▸ TASK OBJECTIVE
Please copy each line of the listing that includes the string "Picture".

▸ DATA TO PROCESS
********
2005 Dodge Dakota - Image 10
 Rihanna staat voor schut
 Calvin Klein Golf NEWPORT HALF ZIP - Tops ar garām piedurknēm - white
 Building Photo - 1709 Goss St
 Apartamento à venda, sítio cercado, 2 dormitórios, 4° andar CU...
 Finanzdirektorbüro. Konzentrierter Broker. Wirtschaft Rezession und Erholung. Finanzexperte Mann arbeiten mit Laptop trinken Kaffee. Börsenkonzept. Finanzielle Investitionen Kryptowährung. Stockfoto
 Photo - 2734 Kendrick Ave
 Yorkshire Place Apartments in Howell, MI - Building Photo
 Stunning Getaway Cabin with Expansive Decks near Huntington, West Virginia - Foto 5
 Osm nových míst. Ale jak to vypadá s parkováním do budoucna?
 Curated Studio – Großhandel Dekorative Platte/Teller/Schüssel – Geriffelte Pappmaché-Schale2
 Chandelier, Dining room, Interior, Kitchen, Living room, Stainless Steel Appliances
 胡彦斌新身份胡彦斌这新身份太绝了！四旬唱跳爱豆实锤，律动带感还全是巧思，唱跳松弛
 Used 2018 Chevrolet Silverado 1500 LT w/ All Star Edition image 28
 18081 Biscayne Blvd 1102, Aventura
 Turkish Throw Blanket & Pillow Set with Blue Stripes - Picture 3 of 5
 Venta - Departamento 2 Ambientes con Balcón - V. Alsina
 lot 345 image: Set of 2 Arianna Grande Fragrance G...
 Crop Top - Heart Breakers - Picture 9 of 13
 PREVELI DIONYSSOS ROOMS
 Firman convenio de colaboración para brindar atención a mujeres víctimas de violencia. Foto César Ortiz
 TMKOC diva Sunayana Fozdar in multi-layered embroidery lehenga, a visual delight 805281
********
▸ RESULT
 Turkish Throw Blanket & Pillow Set with Blue Stripes - Picture 3 of 5
 Crop Top - Heart Breakers - Picture 9 of 13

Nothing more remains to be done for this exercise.